Key Implications and Best Practices: Section 2
Given that IP management is heavily context specific, these Key Implications and Best Practices are intended as starting points to be adapted to specific needs and circumstances.
- As the inventor, in most circumstances, you can significantly influence how your technology is used. For example, you can very reasonably request that your technology transfer office draft license terms that reserve for you the rights to continue research using your inventions or terms that reserve the rights for humanitarian uses of your technology.
- Notwithstanding the above, you must follow the IP policies of your institution. And there is no reason a priori that your interests in licensing practices should not be reflected in your institutional IP policies. Changing them, if necessary, requires a dialogue with senior management and technology transfer personnel and a good understanding of the purpose of intellectual property and how sound IP management can be put to work for the benefit of the public sector.
- Your interest and activities in licensing and partnership building can raise the profile of your research program and also of your institution. It may create goodwill, catalyzing additional scientific and development interest by partner organizations and individuals. And it can lead to earlier and more efficient translation of your research findings into useful products or services.

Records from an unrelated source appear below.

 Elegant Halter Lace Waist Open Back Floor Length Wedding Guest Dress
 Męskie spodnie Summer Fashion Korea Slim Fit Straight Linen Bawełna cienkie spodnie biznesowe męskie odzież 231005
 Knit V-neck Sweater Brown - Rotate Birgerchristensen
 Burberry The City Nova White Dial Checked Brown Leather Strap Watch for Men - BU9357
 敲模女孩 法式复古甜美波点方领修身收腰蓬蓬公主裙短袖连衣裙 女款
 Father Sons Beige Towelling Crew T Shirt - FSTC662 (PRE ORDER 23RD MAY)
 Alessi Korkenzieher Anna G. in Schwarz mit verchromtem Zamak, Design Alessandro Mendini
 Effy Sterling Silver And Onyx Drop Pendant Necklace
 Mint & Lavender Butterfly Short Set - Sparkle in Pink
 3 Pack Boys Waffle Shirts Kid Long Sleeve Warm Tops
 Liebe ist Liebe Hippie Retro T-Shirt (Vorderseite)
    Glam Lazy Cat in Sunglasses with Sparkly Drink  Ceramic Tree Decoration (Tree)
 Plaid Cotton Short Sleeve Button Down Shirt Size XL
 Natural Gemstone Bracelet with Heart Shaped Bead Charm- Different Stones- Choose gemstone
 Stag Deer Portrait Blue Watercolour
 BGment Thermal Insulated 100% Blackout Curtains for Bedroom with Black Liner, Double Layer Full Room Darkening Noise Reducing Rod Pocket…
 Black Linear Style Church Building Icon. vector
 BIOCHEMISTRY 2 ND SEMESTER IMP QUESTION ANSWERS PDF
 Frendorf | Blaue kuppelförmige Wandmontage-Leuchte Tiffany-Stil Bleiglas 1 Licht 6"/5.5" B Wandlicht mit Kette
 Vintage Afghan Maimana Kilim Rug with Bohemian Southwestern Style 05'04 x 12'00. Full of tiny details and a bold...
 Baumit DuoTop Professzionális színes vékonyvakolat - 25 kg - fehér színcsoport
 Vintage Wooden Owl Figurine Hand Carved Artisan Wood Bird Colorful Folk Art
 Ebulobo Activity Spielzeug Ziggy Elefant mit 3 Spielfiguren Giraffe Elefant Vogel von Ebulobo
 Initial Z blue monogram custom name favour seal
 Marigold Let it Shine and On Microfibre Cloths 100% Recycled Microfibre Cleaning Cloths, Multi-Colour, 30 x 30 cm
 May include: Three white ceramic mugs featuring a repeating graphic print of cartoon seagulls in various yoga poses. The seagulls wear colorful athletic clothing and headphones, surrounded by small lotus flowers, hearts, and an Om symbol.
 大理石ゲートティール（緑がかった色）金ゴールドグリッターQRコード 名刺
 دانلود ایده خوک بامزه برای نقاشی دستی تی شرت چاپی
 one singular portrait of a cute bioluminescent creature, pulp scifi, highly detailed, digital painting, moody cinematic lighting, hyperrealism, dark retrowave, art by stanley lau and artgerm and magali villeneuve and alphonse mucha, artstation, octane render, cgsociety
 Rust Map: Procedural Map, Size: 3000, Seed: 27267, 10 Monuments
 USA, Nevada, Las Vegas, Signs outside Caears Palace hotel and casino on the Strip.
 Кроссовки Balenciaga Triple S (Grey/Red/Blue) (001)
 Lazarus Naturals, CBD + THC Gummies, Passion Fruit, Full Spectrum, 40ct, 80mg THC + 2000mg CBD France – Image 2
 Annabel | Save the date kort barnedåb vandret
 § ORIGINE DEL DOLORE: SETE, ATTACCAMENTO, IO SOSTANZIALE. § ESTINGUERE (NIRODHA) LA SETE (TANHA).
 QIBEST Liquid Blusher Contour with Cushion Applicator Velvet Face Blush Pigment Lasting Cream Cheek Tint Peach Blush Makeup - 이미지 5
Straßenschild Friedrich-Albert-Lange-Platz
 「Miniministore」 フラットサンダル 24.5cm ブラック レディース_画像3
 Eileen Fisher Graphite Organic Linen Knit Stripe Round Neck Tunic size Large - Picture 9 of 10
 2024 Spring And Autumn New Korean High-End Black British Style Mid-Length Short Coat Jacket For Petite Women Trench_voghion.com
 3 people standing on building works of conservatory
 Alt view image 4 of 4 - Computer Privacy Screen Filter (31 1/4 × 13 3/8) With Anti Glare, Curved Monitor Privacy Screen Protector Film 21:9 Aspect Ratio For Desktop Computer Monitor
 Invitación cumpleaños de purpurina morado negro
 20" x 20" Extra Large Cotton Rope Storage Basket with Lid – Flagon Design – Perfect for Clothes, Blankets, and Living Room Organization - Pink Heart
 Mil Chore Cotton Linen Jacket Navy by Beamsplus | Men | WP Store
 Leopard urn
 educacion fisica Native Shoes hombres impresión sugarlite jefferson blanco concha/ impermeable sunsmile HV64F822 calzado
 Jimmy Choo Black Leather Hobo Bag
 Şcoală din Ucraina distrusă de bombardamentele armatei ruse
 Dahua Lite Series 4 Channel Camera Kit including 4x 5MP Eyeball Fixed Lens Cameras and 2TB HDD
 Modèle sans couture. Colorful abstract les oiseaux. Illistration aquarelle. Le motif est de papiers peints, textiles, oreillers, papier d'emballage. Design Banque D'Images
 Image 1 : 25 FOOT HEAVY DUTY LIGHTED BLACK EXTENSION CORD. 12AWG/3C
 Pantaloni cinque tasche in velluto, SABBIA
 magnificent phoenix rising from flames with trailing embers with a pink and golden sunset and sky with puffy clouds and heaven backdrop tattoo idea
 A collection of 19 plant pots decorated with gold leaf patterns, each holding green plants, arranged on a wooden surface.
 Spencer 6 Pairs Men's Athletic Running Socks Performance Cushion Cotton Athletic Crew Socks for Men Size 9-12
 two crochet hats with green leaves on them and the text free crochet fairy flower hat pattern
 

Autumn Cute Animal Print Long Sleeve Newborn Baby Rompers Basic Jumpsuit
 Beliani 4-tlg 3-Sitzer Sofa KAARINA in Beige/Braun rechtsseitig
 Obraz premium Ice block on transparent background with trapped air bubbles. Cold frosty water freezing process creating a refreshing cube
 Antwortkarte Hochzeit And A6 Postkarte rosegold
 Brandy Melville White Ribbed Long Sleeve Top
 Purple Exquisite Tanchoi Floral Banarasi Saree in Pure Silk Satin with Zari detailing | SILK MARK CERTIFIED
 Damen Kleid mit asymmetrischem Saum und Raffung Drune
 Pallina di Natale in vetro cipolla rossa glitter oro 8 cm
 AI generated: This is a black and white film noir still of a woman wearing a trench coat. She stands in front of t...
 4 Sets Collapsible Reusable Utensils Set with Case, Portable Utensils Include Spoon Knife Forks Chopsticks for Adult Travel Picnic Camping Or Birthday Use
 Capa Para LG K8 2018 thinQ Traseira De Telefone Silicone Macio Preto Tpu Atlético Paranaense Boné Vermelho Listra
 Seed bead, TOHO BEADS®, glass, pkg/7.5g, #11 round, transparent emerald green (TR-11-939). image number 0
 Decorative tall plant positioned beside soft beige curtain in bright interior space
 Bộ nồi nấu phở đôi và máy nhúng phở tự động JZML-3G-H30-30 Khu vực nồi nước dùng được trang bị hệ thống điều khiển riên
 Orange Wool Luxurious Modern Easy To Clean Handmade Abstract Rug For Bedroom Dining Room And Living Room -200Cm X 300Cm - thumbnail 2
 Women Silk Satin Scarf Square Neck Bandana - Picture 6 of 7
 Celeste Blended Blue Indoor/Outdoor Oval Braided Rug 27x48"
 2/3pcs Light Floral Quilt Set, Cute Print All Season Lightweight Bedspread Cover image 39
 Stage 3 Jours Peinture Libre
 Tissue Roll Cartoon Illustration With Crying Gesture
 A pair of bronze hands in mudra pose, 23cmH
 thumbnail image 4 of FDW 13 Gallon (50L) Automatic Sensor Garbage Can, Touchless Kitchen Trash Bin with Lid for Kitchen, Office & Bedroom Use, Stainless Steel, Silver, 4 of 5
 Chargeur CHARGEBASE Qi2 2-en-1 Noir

- In particular, collaboration with private sector entities can be a most valuable contribution to your institution’s broader participation in innovative initiatives, particularly as it pertains to product development.
- The R&D work that you carry out in your program can often (perhaps serendipitously) lead to the invention of new research tools. But the patenting strategies for research tools may need to be different from those related to products if maximum dissemination and use are sought.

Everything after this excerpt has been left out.